GIVEN INFORMATION:
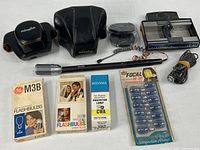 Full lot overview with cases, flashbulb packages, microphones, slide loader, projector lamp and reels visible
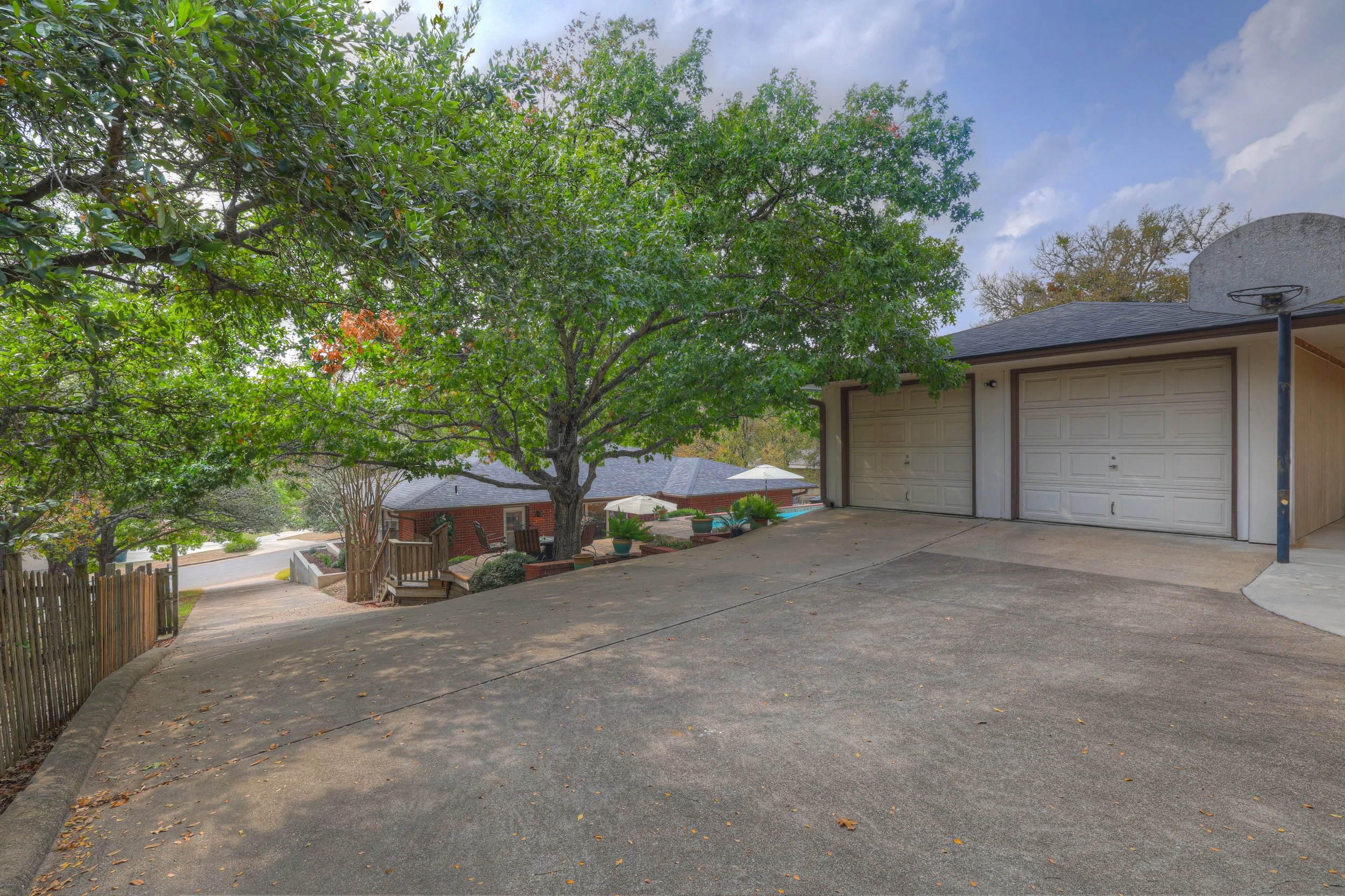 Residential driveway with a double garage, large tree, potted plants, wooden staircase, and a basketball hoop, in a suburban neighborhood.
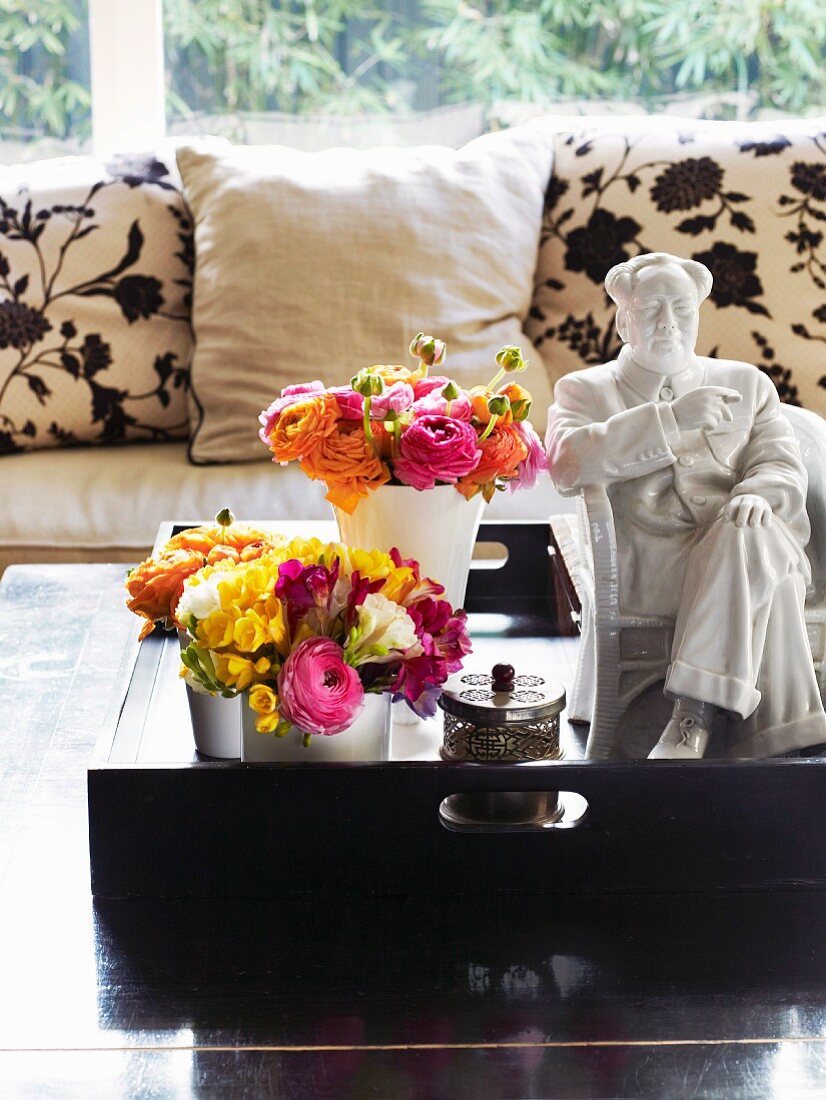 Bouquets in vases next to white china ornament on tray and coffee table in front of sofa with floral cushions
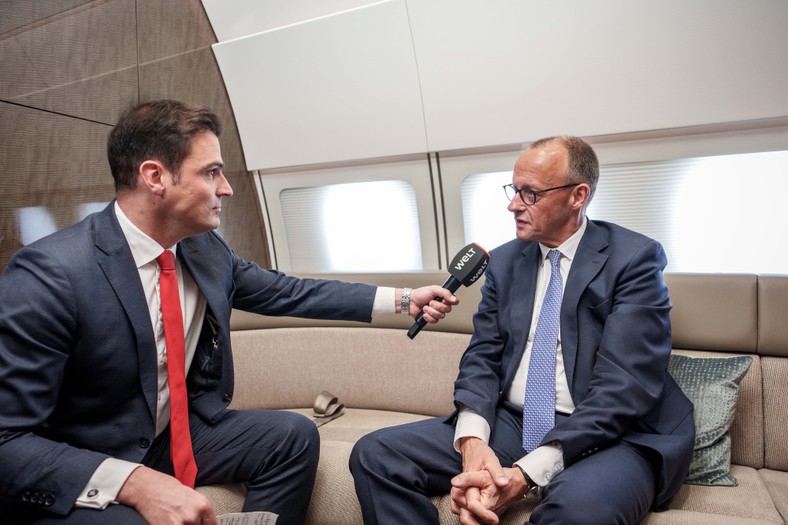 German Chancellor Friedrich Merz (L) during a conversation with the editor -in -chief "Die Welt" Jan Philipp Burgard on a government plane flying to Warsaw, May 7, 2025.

EXERCISE:
Write out nothing but the lines from the start of the data through the line with "Bouquets in vases". Leave out the pictures.

ANSWER SECTION:
 Full lot overview with cases, flashbulb packages, microphones, slide loader, projector lamp and reels visible
 Residential driveway with a double garage, large tree, potted plants, wooden staircase, and a basketball hoop, in a suburban neighborhood.
 Bouquets in vases next to white china ornament on tray and coffee table in front of sofa with floral cushions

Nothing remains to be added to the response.